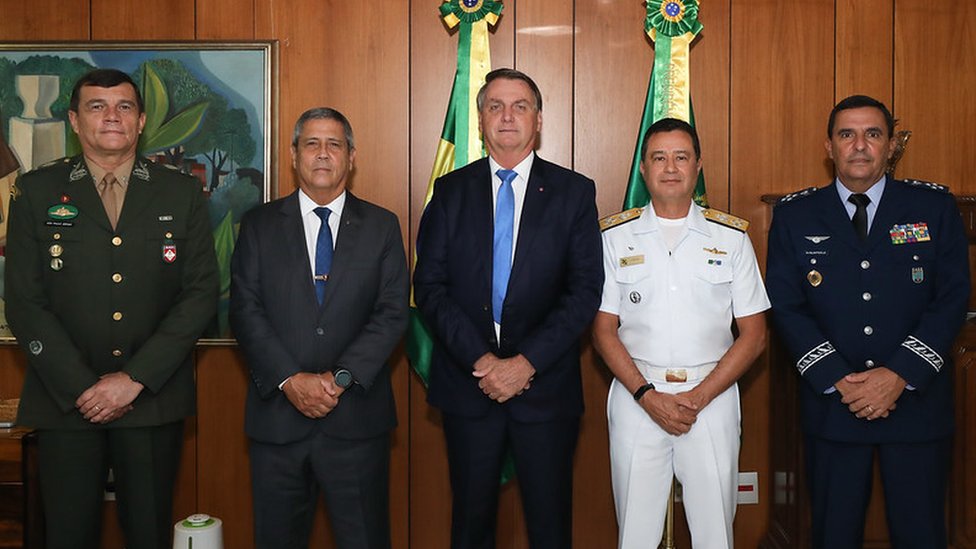 Bolsonaro com o novo comando das Forças Armadas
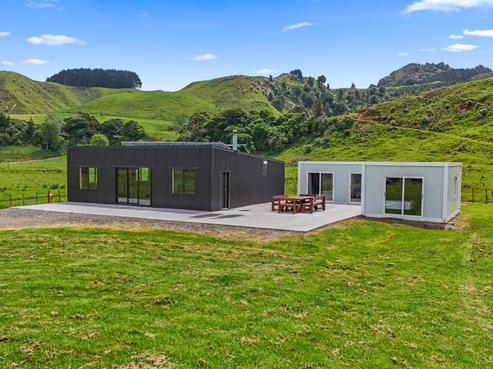 35 Te Mahoe Road, Mokau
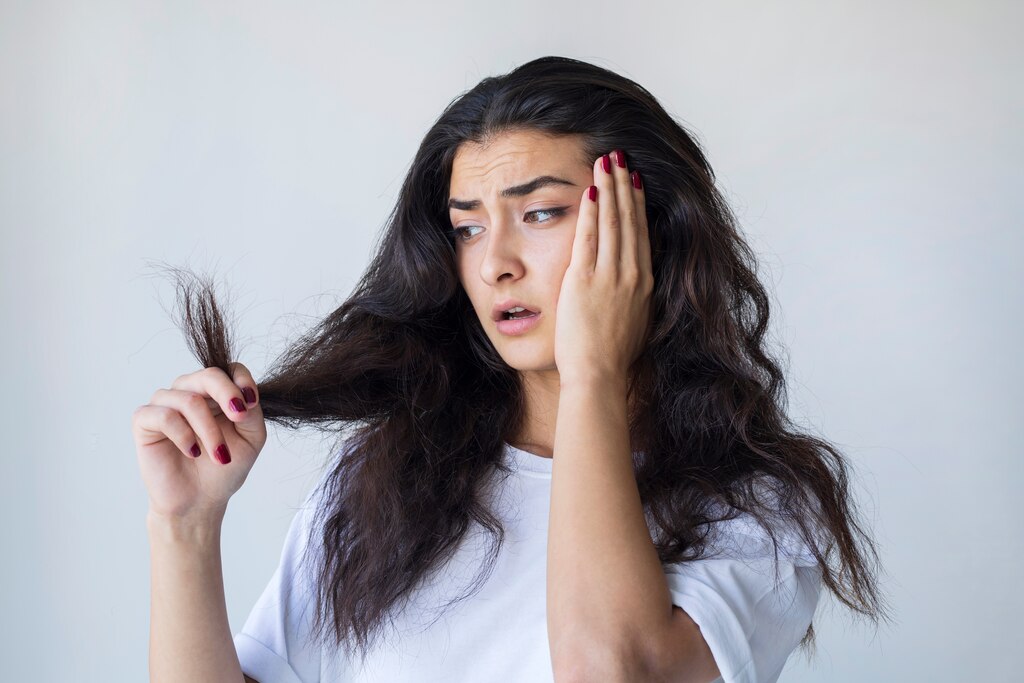 Cabelo quebradi&ccedil;o: previna a quebra  do  cabelo com dicas de h&aacute;bitos saud&aacute;veis e suplementa&ccedil;&atilde;o adequada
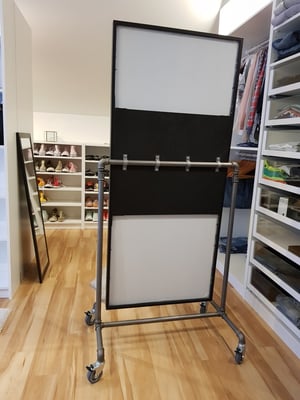 Vorne Spiegel, hinten Halter aus Rohren und Fittings. Der Spiegel wird mir Rohrschellen gehalten. | (c) D. Hermanns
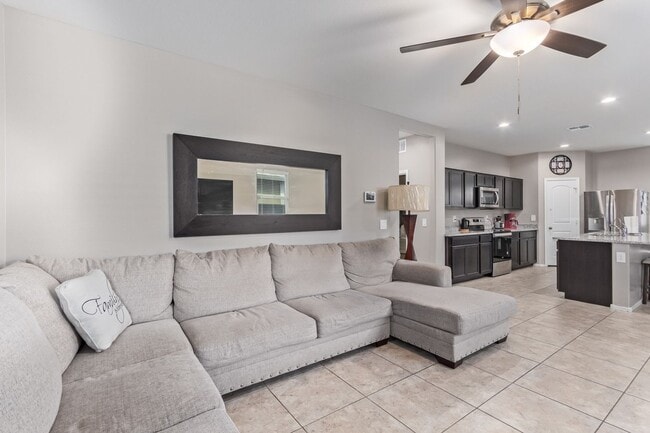 Building Photo - Charming 4BR House in Maricopa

************

**Instructions to follow:** Give back, exactly and with nothing added, the lines from the line with "Vorne Spiegel, hinten" through the final line of the data, both included; leave pictures out.

**Your response:**
 Vorne Spiegel, hinten Halter aus Rohren und Fittings. Der Spiegel wird mir Rohrschellen gehalten. | (c) D. Hermanns
 Building Photo - Charming 4BR House in Maricopa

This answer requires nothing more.